Alabama Attorney General (AG) Steve Marshall spoke to the Mid-Alabama Republican Club on Saturday, about his accomplishments, kicking off his 2022 re-election campaign.
“The stay at the Supreme Court may have been the biggest win I have achieved,” Marshall said. “Friday, we had another.
“That was dealing with the social cost of carbon. This is another way of talking about a tax. A tax especially on the people that put food on our table our farmers and especially our cattlemen.
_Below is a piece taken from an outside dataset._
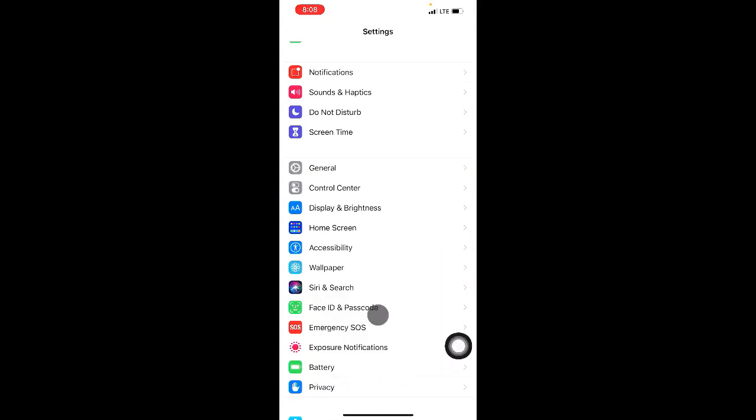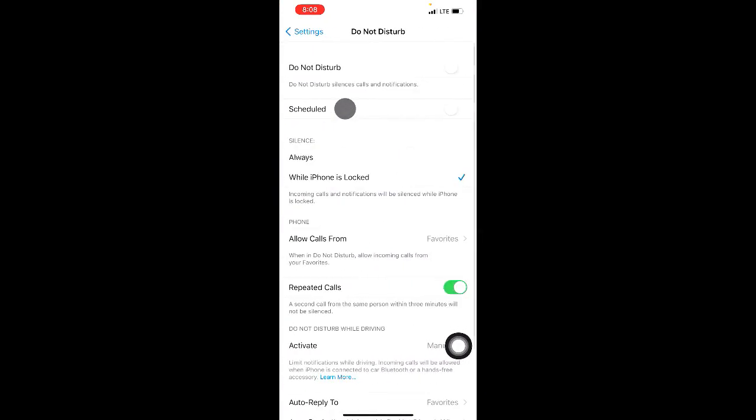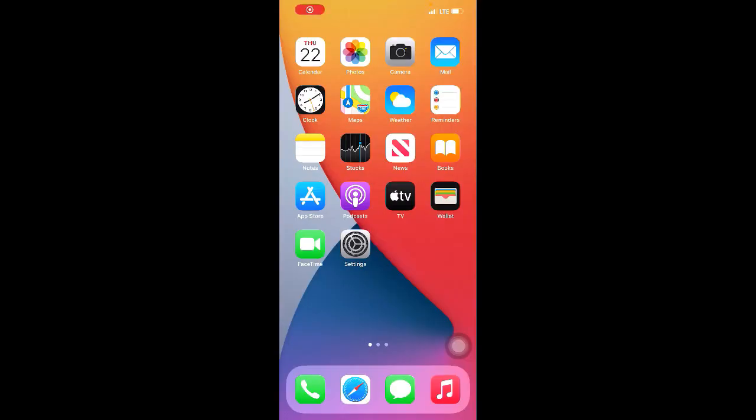Then from here you click on Do Not Disturb. Then here you make sure that Do Not Disturb, this option, is off. If this option is on, then you turn off this option. Method two: go to Settings.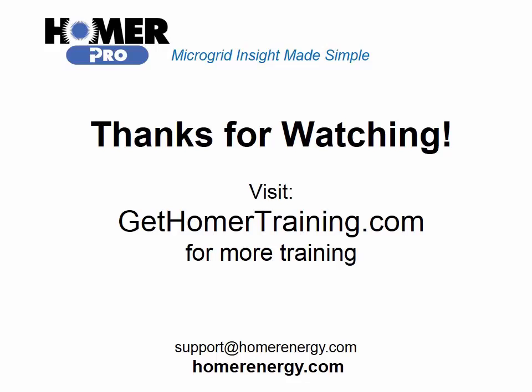Thank you for watching the Homer Software's training series. We are here to help you. If you are a trial user please contact us at support@homerenergy.com for more information on how to become a licensed user. We have additional training available for our licensed users. Visit GetHomerTraining.com to learn more. Thank you.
Those cows out in the field are a source of methane.”
The Biden administration blames methane for global warming – which Biden’s executive order on the social cost of carbon was meant to stop.
“Don’t think for one minute that the Biden administration won’t attack our farmers and ranchers,” Marshall said.
Marshall said after five years as AG and, “Having now matured in the job,” he appreciates the importance of the “civil side of the House.
“The AG is known as the top cop in the state,” Marshall said. “But being Attorney General is not only dealing with things like fighting crime.”
Marshall explained that the Attorney General’s job also involves defending the state against federal overreach.
“Those on the left who couldn’t change our laws in the legislature attempted to change them in the courts,” Marshall said of the 2020 elections, where liberal activist groups sued to, “End our photo ID requirements; Be able to remove the witness signature requirements from an absentee ballot; What I call the Chick-fil-A method of voting curbside. We had a federal judge who, for reasons I will never understand, agreed with all three.”
Marshall said that he had to sue to, “Reject the ability of a federal judge to change the election laws of the state.”
Ultimately, Marshall prevailed, unlike some of his contemporaries in other states like Georgia and Pennsylvania.
Marshall spoke about his fight against federal vaccine mandates.
“Joe Biden thought he could make you get vaccinated,” Marshall said. “We were able to push back against Washington in that area.
“You remember what was going on then – Afghanistan – an unmitigated disaster. Was purely political” to distract Americans from the disastrous withdrawal from Afghanistan.
“We just did not have the legal standing to come in and litigate on behalf of federal employees.”
On the vaccine mandate for federal contractors, the state did however have standing because Alabama, Auburn, and UAB were federal contractors as well as the Department of Public Health and the Department of Rehabilitation Services. Marshall explained that that allowed the AG’s office to sue on behalf of those state agencies. That has been stayed.
“Inoculation regimes have always come from the states,” Marshall said.
Marshall next detailed the reapportionment case.
“This will be one of the most-watched cases in this term,” Marshall said of the pending Supreme Court decision on Alabama’s reapportionment.
Marshall said that the state legislature is responsible for reapportionment and that the state is, “Not to be subject to the whims of federal judges and liberal groups in what we do.”
Marshall thanked the Alabama Legislature for not drawing a new map and holding firm.
“If you draw a map that would be the map,” Marshall said.
While the 2022 election will be held using the legislature’s map, ultimately, the Supreme Court will decide whether or not to allow the districts to remain this way moving forward or if the state should redraw the maps with two majority-minority districts as the three-judge lower court ruled.
The Mid-Alabama Republican Club meets at 9:00 a.m. on the second Saturday of each month at the Vestavia Public Library.
Marshall faces Harry Still III in the Alabama Republican primary on May 24. The winner of the Republican primary will then face Democrat Wendell Major in the Nov. 8 general election.